As commented by W. Huber, this is a fairly interesting question, even though I doubt there is a clear absolute answer. To quote a few generic references,
"...the K-L divergence represents the number of extra bits necessary to
code a source whose symbols were drawn from the distribution P, given
that the coder was designed for a source whose symbols were drawn from
Q." Quora
and
"...it is the amount of information lost when Q is used to approximate
P." Wikipedia
and
"The Kullback–Leibler divergence can also be interpreted as the
expected discrimination information for $H_1$ over $H_0$: the mean
information per sample for discriminating in favor of a hypothesis
$H_1$ against a hypothesis $H_0$, when hypothesis $H_1$ is true."
Wikipedia
But coding is a fairly specialised notion (in my opinion) while information is pretty vague (one could argue it is actually defined by the Kulback-Leibler distance). And there is no absolute scale since the distance most often ranges from 0 to $\infty$ (contrary to what the Wikipedia page may suggest in its first paragraph). Thus the scaling of calibration of a Kullback-Leibler distance will depend on the problem at hand and the reason why one measures such a distance.

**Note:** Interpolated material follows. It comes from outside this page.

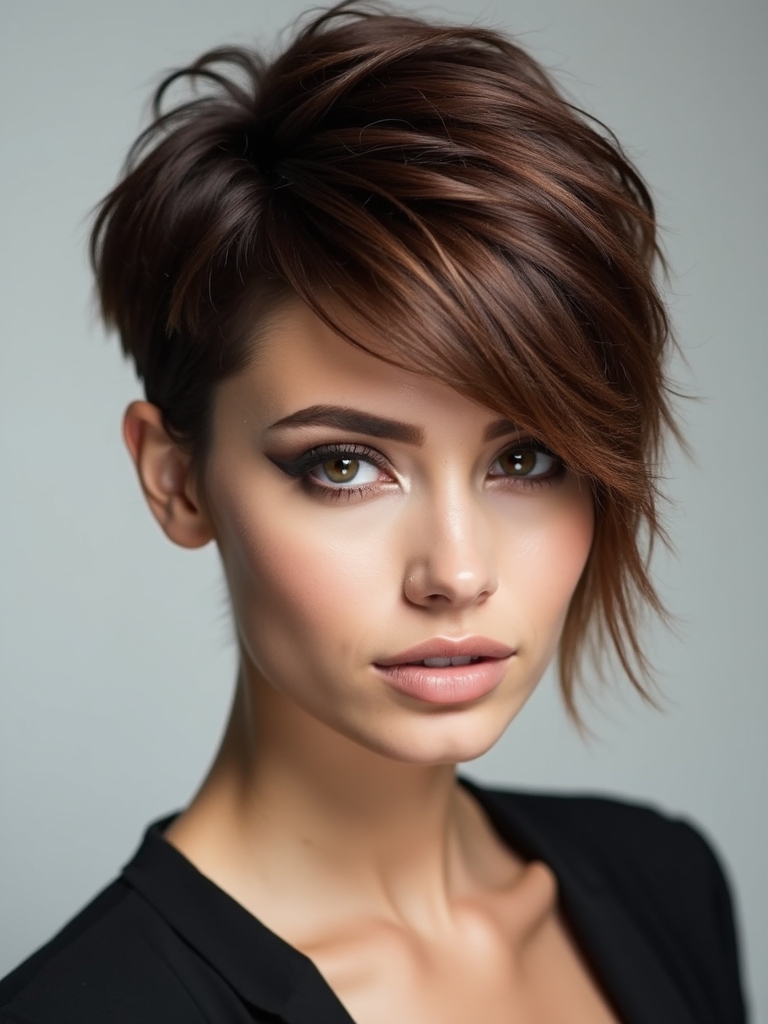 sleek blunt layered straight shag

An illustration of this calibration issue is provided in the following graph

which compares histograms of log-Kullback-Leibler distances between two Gamma distributions when
- two datasets $x$ and $y$ of size $n$ are generated from a Gamma ${\cal G}(a,1)$
- both parameters of the Gamma distribution are estimated from the samples by a method of moments
- the Kullback-Leibler distance between the estimated Gammas is derived
Here is the core of the R code (using W. Huber's KL.gamma) in case this is unclear:
n=15
T=1e3
a=.3
diz=rep(0,T)
for (t in 1:T){
x=rgamma(n,17,1)
a=mean(x);b=var(x);a=a^2/b;b=sqrt(a/b)
y=rgamma(n,17,1)
c=mean(y);d=var(y);c=c^2/d;d=sqrt(c/d)
diz[t]=KL.gamma(a,b,c,d)}
The interpretation of this small experiment is that, when considering a sample of size $n=15$, a Kullback-Leibler divergence around $1$ is not significant in the sense that the same "true" parameters produce samples that lead to estimated distributions at a distance of around $1$. When moving to a sample of size $n=150$, this becomes a highly significant distance. (Note that this experiment is only trying to make a point of the lack of absolute "large" or "small" Kullback-Leibler divergence, not to turn this assessment of scale into a test or something like that!)